3.2 Ciò premesso, mette conto osservare che con il secondo accordo transattivo si conveniva che l’esposizione debitoria della RAGIONE_SOCIALE verso COGNOME veniva assunta dalla società RAGIONE_SOCIALE, la quale si impegnava, con effetto liberatorio della debitrice, nei confronti di COGNOME, al pagamento, da eseguirsi entro la fine dell’anno 2021, pena l’inefficacia dell’accordo, della somma di € 40.000.
3.3 La censura non ha messo in discussione l’affermazione contenuta nella sentenza di reclamo ex art. 51 del C.C.I.I. circa il mancato pagamento da parte di RAGIONE_SOCIALE del debito di € 40.000,così ridottosi, per effetto della intervenuta transazione, (si legge a pagina 5 della sentenza del 27/12/2022 ‘ il pagamento pacificamente non è ancora avvenuto ‘) in palese contrasto con la circostanza di fatto, documentata dalla contabile del bonifico prodotta da quest’ultimo già in sede di reclamo, del tempestivo versamento dell’integrale residuo debito da parte del terzo assuntore in favore del ricorrente in esecuzione di quanto previsto dalla seconda transazione.
3.4 Si tratta all’evidenza di un chiaro ed inequivocabile errore di percezione di un dato di fatto (la ricezione da parte del creditore della somma di denaro costituente il debito di RAGIONE_SOCIALE versata dall’assuntore) che non implica alcuna valutazione o interpretazione di documenti e risultanze processuali ed integra, quindi, il vizio revocatorio.

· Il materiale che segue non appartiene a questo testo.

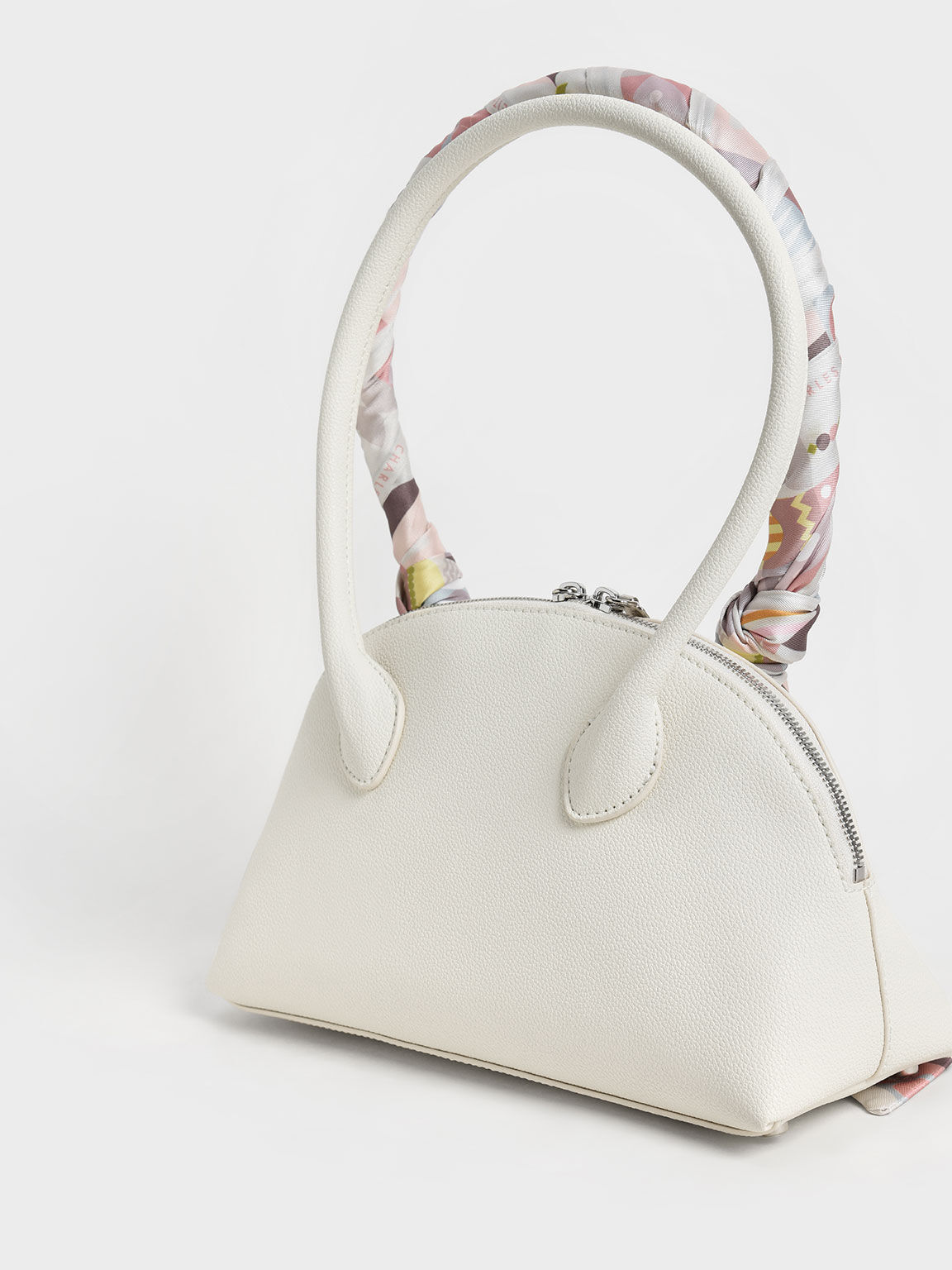 Bolso de hombro Alcott envuelto en una bufanda, Cream, hi-res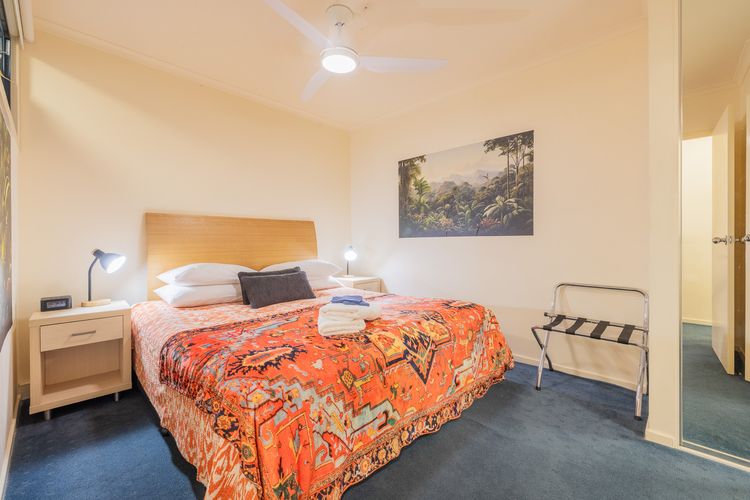 The Landmark, 108/61B Dowling St – air con, linen, pool, lift, views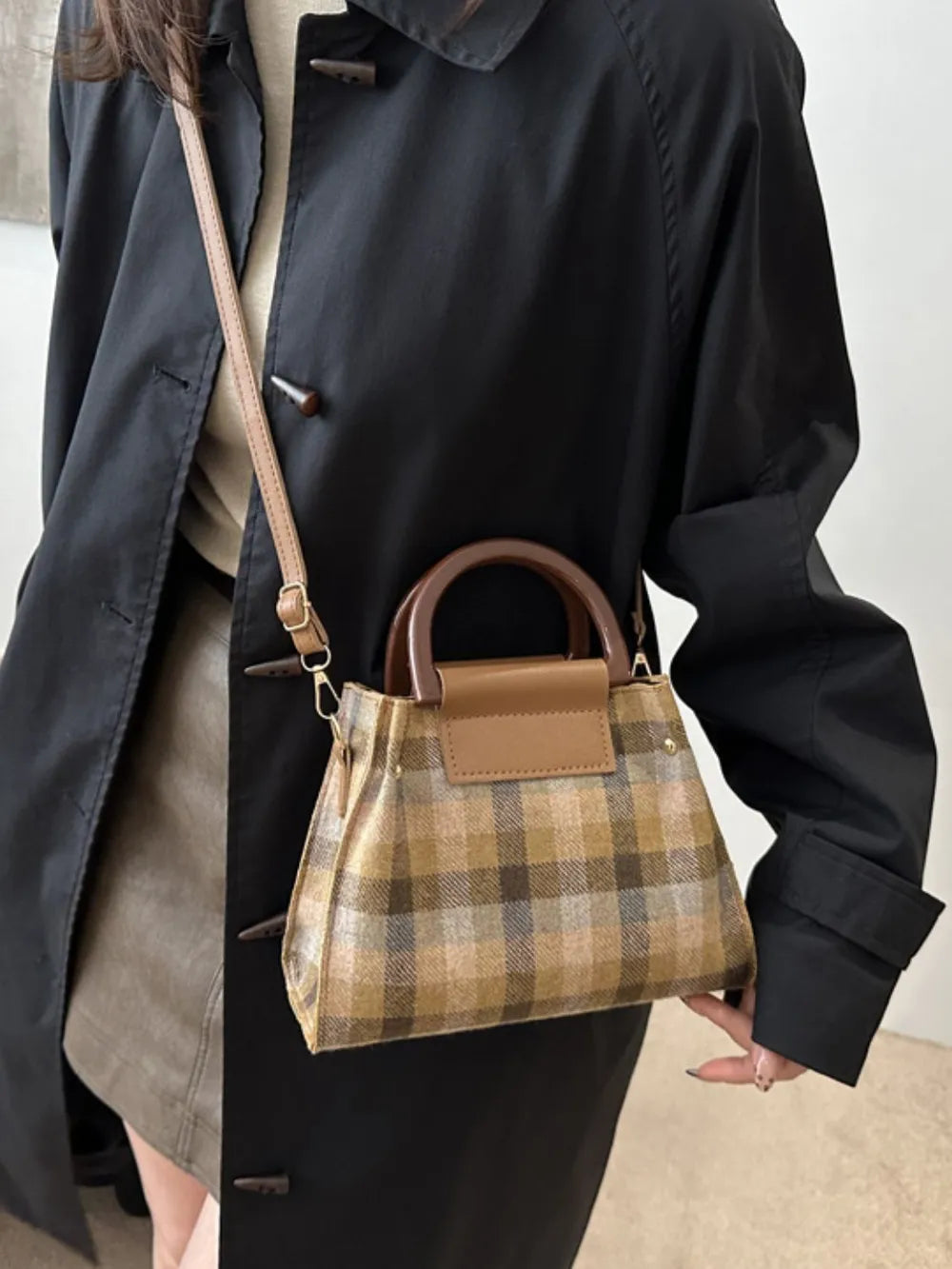 Trapezoid Crossbody Bag Polyester PU Adjustable Shoulder Strap Secure Zip Closure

3.5 Quanto alla decisività dell’errore, oggetto di contestazione con la doglianza, è di tutta evidenza, come correttamente rimarcato dal giudice della revocazione, che l’avvenuto tempestivo adempimento da parte dell’accollante RAGIONE_SOCIALE, disconosciuto dalla Corte d’Appello per errore, ha determinato la liberazione della società debitrice nei confronti del creditore istante.
3.6 Il pagamento del debito, integrando un fatto estintivo dell’obbligazione della RAGIONE_SOCIALE, originario debitore, ha effetto dirimente in quanto la Corte ha ritenuto inefficace l’accollo liberatorio sulla base del fallace assunto che il pagamento ‘pacificamente’ non fosse ancora avvenuto quando, al contrario, avendo il terzo assuntore provveduto al pagamento, COGNOME, alla data di proposizione del ricorso innanzi al Tribunale di Monza (il 21.07.2022), non era legittimato a chiedere la dichiarazione di apertura della liquidazione giudiziale di RAGIONE_SOCIALE.
3.7 E’, inoltre, irrilevante la circostanza che la Corte abbia escluso la natura privativa dell’accollo che determina la liberazione del debitore sin dal momento dell’accordo, a fronte della regolare esecuzione della transazione con il pagamento da parte del terzo che scioglie il vincolo obbligatorio del debitore principale anche nell’ipotesi di accollo esterno di tipo cumulativo nel quale l’obbligazione dell’assuntore si aggiunge a quella del debitore originario dando luogo al fenomeno della solidarietà passiva tra condebitori.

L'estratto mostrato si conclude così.